O caso teve origem em uma ação movida por um clube da capital, que buscava autorização para vender bebidas alcoólicas em seu estádio. Ao apreciar o pedido, a 2ª Câmara de Direito Público suscitou o incidente de inconstitucionalidade, que foi encaminhado ao Órgão Especial, mas julgado improcedente.

No voto, o relator, desembargador Renato Sartorelli, citou a Lei 10.671/2003, que dispõe sobre o Estatuto de Defesa do Torcedor e proíbe em seu artigo 13-A (incluído pela Lei 12.299/2010), o porte de bebidas suscetíveis de gerar ou possibilitar a prática de atos de violência em recintos esportivos.
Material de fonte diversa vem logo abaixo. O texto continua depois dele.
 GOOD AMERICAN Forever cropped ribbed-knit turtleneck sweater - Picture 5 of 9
“O artigo 13-A não particulariza quais seriam as bebidas de acesso proibido, traçando linhas gerais sobre as condições de ingresso e permanência do torcedor em recintos esportivos, incumbindo aos Estados-membros a adequação da legislação às peculiaridades locais, definindo quais bebidas são proibidas, tudo em homenagem à competência concorrente complementar do legislador estadual consagrada pelo texto constitucional”, disse.

Sartorelli também citou entendimento do TJ-SP de que a medida amplia a segurança dos torcedores, “promovendo a defesa desses grupos de consumidores, assim como de outras pessoas que estejam direta ou indiretamente envolvidas no evento, constituindo legítima expressão da competência normativa concorrente do Estado de São Paulo”.
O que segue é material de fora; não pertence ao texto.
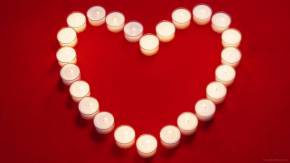 Сердце из свечей на День Влюбленных 14 февраля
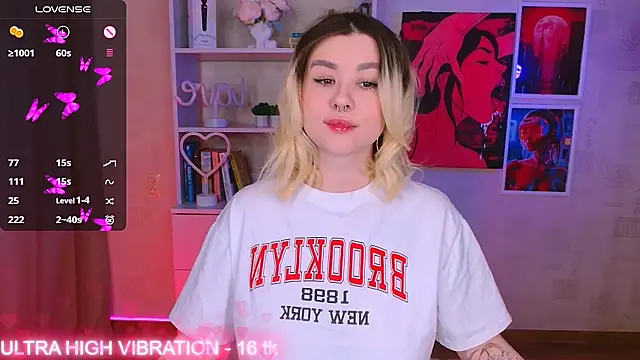 cutie mili online show from 03-21-25, 09:45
O relator citou inúmeros julgamentos em que o Órgão Especial reconheceu a inconstitucionalidade de leis municipais que permitiam a venda de bebidas alcoólicas nos estádios em razão da proibição prevista em norma estadual. Ele também indicou precedentes em que o STF reconheceu a autonomia dos estados para decidir pela proibição ou liberação de bebidas alcoólicas em eventos esportivos.

“Logo, tendo a jurisprudência do Pretório Excelso enfatizado a autonomia dos Estados-membros para dispor sobre o tema em questão, não se vislumbra qualquer vício de inconstitucionalidade no artigo 5º, inciso I, da Lei  9.470/1996 do Estado de São Paulo, resultando de opção legítima do legislador estadual à luz das especificidades locais”, completou Sartorelli.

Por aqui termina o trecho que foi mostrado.